Tarts and Muggers: Poems New and Selected

Description

137 pages
$12.95
ISBN 0-7710-6660-0

Year

1982

Contributor

Reviewed by Maggie Helwig

Maggie Helwig was a freelance writer and Professor of Pre-Industrial Arts, UPRPU, Peterborough, Ontario.

Review

Since she began to publish at the age of 18 Susan Musgrave has held a recognized position in Canadian poetry — our own enfant terrible, the young woman with the awful visions of darkness. Her recent collection, Tarts and Muggers, however, raises the question of whether a recognized position is necessarily a significant one.

Tarts and Muggers is not arranged chronologically — an unusual step which may frustrate the academic but which gives the poetry a unified movement of theme and mood uncommon in a book of this nature. It also allows an important observation: it is very difficult to distinguish Musgrave’s earlier poems from her later ones.

All centre on the same themes of dismemberment, burial, cannibalism, and a deadly struggle between the sexes. All share the imagery of walking corpses, bloody hearts, bones, mats, ghosts. The sea is always something in which people drown, the forest someplace they are murdered. Musgrave seems to have been having and writing about the same bad dream for the last 13 years.

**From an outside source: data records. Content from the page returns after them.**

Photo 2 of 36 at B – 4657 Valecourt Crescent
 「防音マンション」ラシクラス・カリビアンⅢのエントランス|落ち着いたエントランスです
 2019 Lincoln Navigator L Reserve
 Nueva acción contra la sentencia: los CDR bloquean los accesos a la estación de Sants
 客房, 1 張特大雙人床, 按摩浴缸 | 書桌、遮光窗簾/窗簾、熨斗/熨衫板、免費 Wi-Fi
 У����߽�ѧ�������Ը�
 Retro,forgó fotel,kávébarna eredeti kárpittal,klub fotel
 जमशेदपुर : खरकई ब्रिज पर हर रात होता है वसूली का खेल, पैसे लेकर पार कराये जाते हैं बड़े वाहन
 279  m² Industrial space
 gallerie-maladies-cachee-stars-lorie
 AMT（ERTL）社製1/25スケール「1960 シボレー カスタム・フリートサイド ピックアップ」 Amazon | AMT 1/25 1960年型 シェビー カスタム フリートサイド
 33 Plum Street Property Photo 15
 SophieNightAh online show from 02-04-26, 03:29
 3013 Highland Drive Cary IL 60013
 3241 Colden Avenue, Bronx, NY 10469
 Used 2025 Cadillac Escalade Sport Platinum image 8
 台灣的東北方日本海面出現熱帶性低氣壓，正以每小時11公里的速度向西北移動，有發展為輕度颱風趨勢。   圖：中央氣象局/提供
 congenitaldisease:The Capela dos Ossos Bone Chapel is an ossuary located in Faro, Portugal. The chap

Admittedly, she writes about it powerfully; she evokes terror with a polished skill that is quite her own. But Musgrave is no longer 18 and it seems about time she learned to extend her gift into other areas. The very few poems in which she attempts some affirmation fall flat through simple lack of energy. Once, indeed, in “Requiem for Talunkwan Island,” she moves beyond the somewhat self-centred orbit of most of her poetry to create a magnificent apocalyptic vision that portrays a death on levels individual, national (in the destruction of the Haida people), and universal, but even so, it does not pass beyond a towering negation.

We need visions of negation, perhaps. We need our Cassandras. But I suspect if Cassandra had not died young, she would have run out of doom to prophesy and gotten very boring. I hope the same will not be said of Musgrave.